◆ **What is required**
The records are to be restated in their entirety, word for word.

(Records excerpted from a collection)
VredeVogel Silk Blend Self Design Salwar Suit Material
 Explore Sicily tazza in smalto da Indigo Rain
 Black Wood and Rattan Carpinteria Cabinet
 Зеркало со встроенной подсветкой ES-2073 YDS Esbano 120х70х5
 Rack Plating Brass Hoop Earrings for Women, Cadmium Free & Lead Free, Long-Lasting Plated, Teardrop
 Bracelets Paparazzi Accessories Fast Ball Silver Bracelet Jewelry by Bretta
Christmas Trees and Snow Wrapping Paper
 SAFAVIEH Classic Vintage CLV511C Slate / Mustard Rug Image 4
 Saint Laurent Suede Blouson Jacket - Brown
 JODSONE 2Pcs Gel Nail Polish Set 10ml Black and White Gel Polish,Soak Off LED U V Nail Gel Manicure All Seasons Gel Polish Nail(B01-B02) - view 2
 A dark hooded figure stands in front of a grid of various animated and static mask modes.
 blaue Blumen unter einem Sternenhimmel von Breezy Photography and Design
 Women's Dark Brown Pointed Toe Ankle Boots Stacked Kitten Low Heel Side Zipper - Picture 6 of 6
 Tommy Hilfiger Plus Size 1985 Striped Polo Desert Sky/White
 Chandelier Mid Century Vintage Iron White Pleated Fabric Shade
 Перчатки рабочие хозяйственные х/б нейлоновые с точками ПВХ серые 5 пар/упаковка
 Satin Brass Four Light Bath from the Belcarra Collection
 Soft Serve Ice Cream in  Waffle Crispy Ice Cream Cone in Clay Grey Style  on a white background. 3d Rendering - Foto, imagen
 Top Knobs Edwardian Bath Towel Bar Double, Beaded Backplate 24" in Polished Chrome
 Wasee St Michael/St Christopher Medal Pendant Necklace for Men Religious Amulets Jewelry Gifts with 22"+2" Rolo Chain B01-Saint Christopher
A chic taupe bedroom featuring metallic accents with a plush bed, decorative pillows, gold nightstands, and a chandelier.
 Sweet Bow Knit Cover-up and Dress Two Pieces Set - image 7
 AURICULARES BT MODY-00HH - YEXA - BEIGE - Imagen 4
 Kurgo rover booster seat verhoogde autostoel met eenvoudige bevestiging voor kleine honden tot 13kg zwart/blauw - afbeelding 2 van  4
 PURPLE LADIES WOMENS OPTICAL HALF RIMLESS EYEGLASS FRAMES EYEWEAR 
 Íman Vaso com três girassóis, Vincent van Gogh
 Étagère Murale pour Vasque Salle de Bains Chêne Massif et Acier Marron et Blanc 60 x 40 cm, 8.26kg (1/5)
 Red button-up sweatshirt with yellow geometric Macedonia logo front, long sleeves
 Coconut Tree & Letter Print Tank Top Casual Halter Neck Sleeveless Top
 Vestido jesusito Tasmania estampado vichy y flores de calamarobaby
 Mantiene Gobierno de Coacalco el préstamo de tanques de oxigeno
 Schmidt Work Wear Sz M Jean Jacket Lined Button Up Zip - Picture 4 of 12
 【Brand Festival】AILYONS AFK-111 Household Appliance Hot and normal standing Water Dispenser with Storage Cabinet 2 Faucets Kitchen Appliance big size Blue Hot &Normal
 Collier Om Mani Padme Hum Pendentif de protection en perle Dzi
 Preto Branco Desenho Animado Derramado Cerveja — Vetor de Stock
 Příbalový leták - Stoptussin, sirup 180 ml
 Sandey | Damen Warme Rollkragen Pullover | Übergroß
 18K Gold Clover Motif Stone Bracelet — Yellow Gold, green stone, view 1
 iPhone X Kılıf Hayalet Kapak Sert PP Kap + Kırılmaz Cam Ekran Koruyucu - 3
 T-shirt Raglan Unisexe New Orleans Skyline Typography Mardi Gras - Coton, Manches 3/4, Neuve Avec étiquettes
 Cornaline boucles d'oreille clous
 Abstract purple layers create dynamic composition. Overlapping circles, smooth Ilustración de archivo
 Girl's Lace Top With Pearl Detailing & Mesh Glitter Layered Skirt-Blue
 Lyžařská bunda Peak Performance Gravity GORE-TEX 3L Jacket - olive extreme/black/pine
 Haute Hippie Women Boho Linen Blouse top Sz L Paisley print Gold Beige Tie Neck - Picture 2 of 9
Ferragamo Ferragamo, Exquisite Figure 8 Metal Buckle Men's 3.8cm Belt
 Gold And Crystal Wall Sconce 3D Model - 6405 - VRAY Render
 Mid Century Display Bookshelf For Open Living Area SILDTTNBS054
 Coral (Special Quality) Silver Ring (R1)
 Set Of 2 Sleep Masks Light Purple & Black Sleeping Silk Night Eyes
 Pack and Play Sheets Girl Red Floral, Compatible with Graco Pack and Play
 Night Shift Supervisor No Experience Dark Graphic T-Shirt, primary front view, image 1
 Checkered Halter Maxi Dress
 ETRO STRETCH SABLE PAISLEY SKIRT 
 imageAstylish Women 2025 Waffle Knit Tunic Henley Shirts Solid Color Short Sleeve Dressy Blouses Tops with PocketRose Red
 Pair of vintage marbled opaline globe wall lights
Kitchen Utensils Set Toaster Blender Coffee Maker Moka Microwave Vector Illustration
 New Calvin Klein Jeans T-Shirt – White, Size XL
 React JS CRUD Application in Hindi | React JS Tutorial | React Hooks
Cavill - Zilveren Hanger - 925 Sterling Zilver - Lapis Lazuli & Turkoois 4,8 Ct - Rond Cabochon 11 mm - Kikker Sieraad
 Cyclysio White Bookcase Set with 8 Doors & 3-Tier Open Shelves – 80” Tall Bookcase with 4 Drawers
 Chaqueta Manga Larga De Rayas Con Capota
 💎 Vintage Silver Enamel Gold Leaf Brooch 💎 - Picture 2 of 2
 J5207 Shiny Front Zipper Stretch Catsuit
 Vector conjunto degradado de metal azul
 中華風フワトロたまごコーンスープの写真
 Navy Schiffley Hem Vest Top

◆ **Output below**
VredeVogel Silk Blend Self Design Salwar Suit Material
 Explore Sicily tazza in smalto da Indigo Rain
 Black Wood and Rattan Carpinteria Cabinet
 Зеркало со встроенной подсветкой ES-2073 YDS Esbano 120х70х5
 Rack Plating Brass Hoop Earrings for Women, Cadmium Free & Lead Free, Long-Lasting Plated, Teardrop
 Bracelets Paparazzi Accessories Fast Ball Silver Bracelet Jewelry by Bretta
Christmas Trees and Snow Wrapping Paper
 SAFAVIEH Classic Vintage CLV511C Slate / Mustard Rug Image 4
 Saint Laurent Suede Blouson Jacket - Brown
 JODSONE 2Pcs Gel Nail Polish Set 10ml Black and White Gel Polish,Soak Off LED U V Nail Gel Manicure All Seasons Gel Polish Nail(B01-B02) - view 2
 A dark hooded figure stands in front of a grid of various animated and static mask modes.
 blaue Blumen unter einem Sternenhimmel von Breezy Photography and Design
 Women's Dark Brown Pointed Toe Ankle Boots Stacked Kitten Low Heel Side Zipper - Picture 6 of 6
 Tommy Hilfiger Plus Size 1985 Striped Polo Desert Sky/White
 Chandelier Mid Century Vintage Iron White Pleated Fabric Shade
 Перчатки рабочие хозяйственные х/б нейлоновые с точками ПВХ серые 5 пар/упаковка
 Satin Brass Four Light Bath from the Belcarra Collection
 Soft Serve Ice Cream in  Waffle Crispy Ice Cream Cone in Clay Grey Style  on a white background. 3d Rendering - Foto, imagen
 Top Knobs Edwardian Bath Towel Bar Double, Beaded Backplate 24" in Polished Chrome
 Wasee St Michael/St Christopher Medal Pendant Necklace for Men Religious Amulets Jewelry Gifts with 22"+2" Rolo Chain B01-Saint Christopher
A chic taupe bedroom featuring metallic accents with a plush bed, decorative pillows, gold nightstands, and a chandelier.
 Sweet Bow Knit Cover-up and Dress Two Pieces Set - image 7
 AURICULARES BT MODY-00HH - YEXA - BEIGE - Imagen 4
 Kurgo rover booster seat verhoogde autostoel met eenvoudige bevestiging voor kleine honden tot 13kg zwart/blauw - afbeelding 2 van  4
 PURPLE LADIES WOMENS OPTICAL HALF RIMLESS EYEGLASS FRAMES EYEWEAR 
 Íman Vaso com três girassóis, Vincent van Gogh
 Étagère Murale pour Vasque Salle de Bains Chêne Massif et Acier Marron et Blanc 60 x 40 cm, 8.26kg (1/5)
 Red button-up sweatshirt with yellow geometric Macedonia logo front, long sleeves
 Coconut Tree & Letter Print Tank Top Casual Halter Neck Sleeveless Top
 Vestido jesusito Tasmania estampado vichy y flores de calamarobaby
 Mantiene Gobierno de Coacalco el préstamo de tanques de oxigeno
 Schmidt Work Wear Sz M Jean Jacket Lined Button Up Zip - Picture 4 of 12
 【Brand Festival】AILYONS AFK-111 Household Appliance Hot and normal standing Water Dispenser with Storage Cabinet 2 Faucets Kitchen Appliance big size Blue Hot &Normal
 Collier Om Mani Padme Hum Pendentif de protection en perle Dzi
 Preto Branco Desenho Animado Derramado Cerveja — Vetor de Stock
 Příbalový leták - Stoptussin, sirup 180 ml
 Sandey | Damen Warme Rollkragen Pullover | Übergroß
 18K Gold Clover Motif Stone Bracelet — Yellow Gold, green stone, view 1
 iPhone X Kılıf Hayalet Kapak Sert PP Kap + Kırılmaz Cam Ekran Koruyucu - 3
 T-shirt Raglan Unisexe New Orleans Skyline Typography Mardi Gras - Coton, Manches 3/4, Neuve Avec étiquettes
 Cornaline boucles d'oreille clous
 Abstract purple layers create dynamic composition. Overlapping circles, smooth Ilustración de archivo
 Girl's Lace Top With Pearl Detailing & Mesh Glitter Layered Skirt-Blue
 Lyžařská bunda Peak Performance Gravity GORE-TEX 3L Jacket - olive extreme/black/pine
 Haute Hippie Women Boho Linen Blouse top Sz L Paisley print Gold Beige Tie Neck - Picture 2 of 9
Ferragamo Ferragamo, Exquisite Figure 8 Metal Buckle Men's 3.8cm Belt
 Gold And Crystal Wall Sconce 3D Model - 6405 - VRAY Render
 Mid Century Display Bookshelf For Open Living Area SILDTTNBS054
 Coral (Special Quality) Silver Ring (R1)
 Set Of 2 Sleep Masks Light Purple & Black Sleeping Silk Night Eyes
 Pack and Play Sheets Girl Red Floral, Compatible with Graco Pack and Play
 Night Shift Supervisor No Experience Dark Graphic T-Shirt, primary front view, image 1
 Checkered Halter Maxi Dress
 ETRO STRETCH SABLE PAISLEY SKIRT 
 imageAstylish Women 2025 Waffle Knit Tunic Henley Shirts Solid Color Short Sleeve Dressy Blouses Tops with PocketRose Red
 Pair of vintage marbled opaline globe wall lights
Kitchen Utensils Set Toaster Blender Coffee Maker Moka Microwave Vector Illustration
 New Calvin Klein Jeans T-Shirt – White, Size XL
 React JS CRUD Application in Hindi | React JS Tutorial | React Hooks
Cavill - Zilveren Hanger - 925 Sterling Zilver - Lapis Lazuli & Turkoois 4,8 Ct - Rond Cabochon 11 mm - Kikker Sieraad
 Cyclysio White Bookcase Set with 8 Doors & 3-Tier Open Shelves – 80” Tall Bookcase with 4 Drawers
 Chaqueta Manga Larga De Rayas Con Capota
 💎 Vintage Silver Enamel Gold Leaf Brooch 💎 - Picture 2 of 2
 J5207 Shiny Front Zipper Stretch Catsuit
 Vector conjunto degradado de metal azul
 中華風フワトロたまごコーンスープの写真
 Navy Schiffley Hem Vest Top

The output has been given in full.